*** Opening of Data shown ***

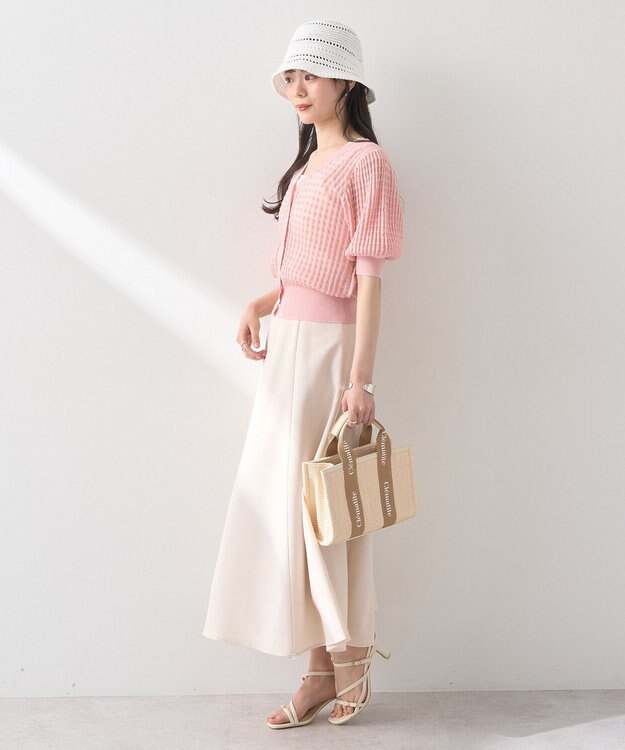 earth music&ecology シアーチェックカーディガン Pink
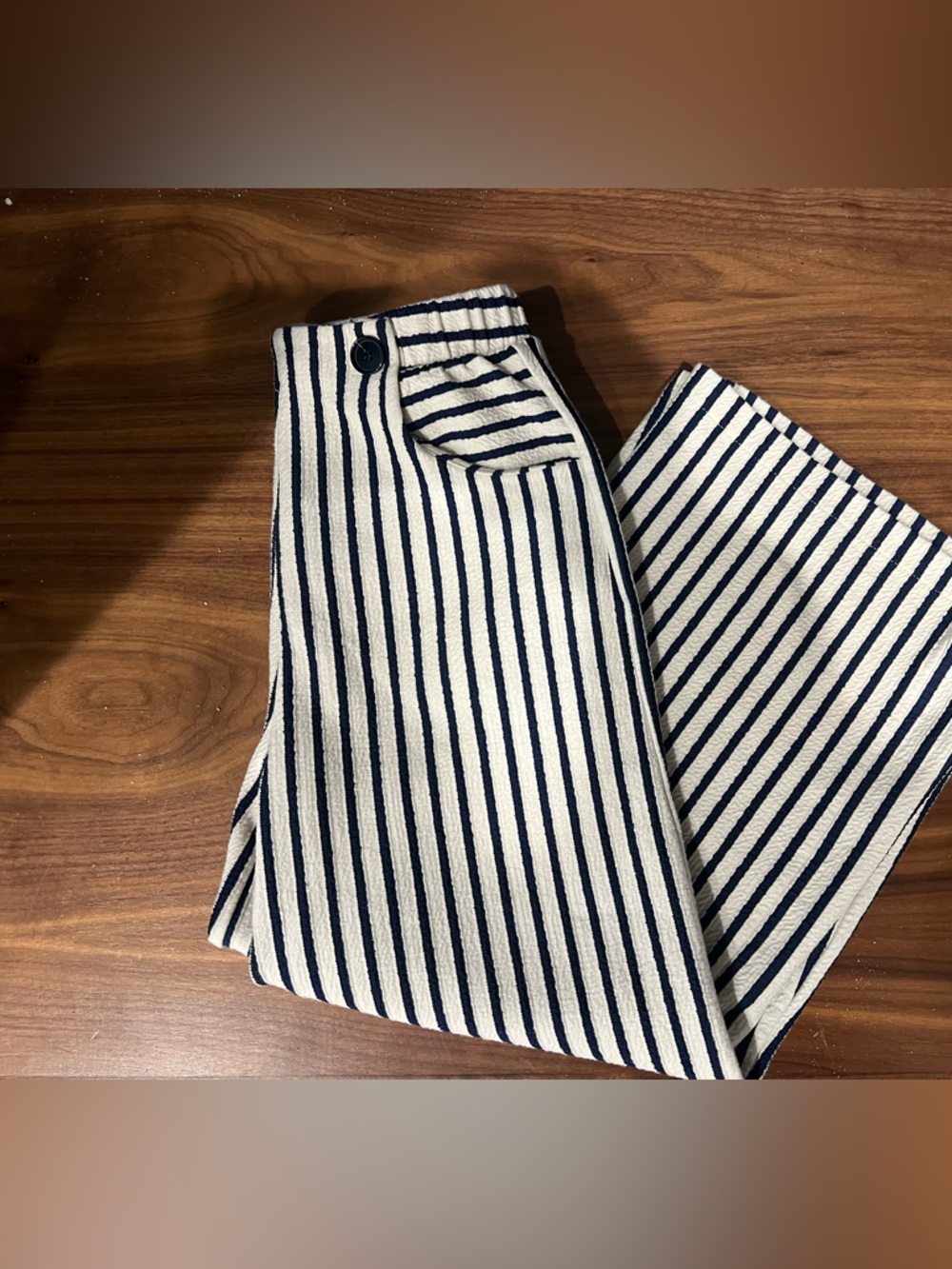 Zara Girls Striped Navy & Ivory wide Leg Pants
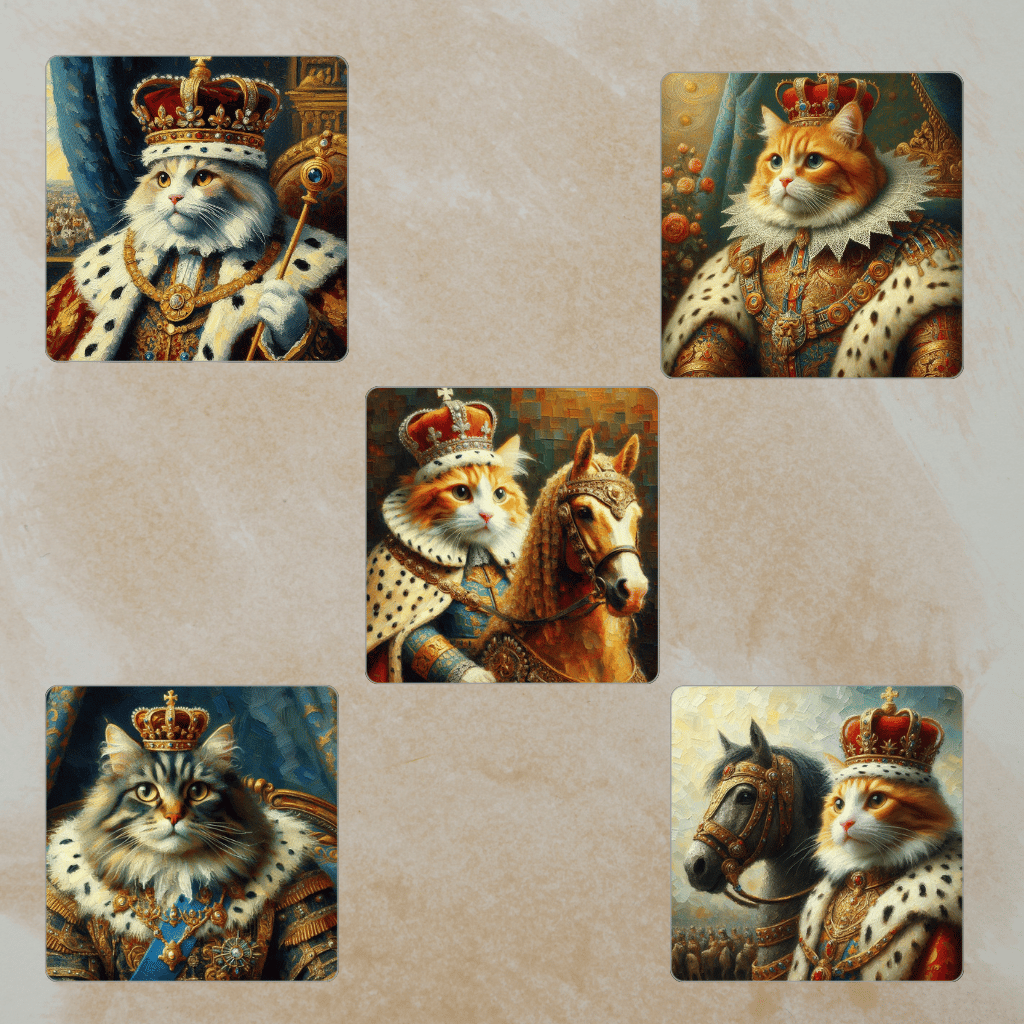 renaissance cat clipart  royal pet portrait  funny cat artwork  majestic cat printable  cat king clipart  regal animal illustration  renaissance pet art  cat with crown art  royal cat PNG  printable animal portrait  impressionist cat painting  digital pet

*** Close of Data shown ***

* [About this exercise] Copy all the lines of data exactly as they appear, dropping any images.

* [Expected answer]
 earth music&ecology シアーチェックカーディガン Pink
 Zara Girls Striped Navy & Ivory wide Leg Pants
 renaissance cat clipart  royal pet portrait  funny cat artwork  majestic cat printable  cat king clipart  regal animal illustration  renaissance pet art  cat with crown art  royal cat PNG  printable animal portrait  impressionist cat painting  digital pet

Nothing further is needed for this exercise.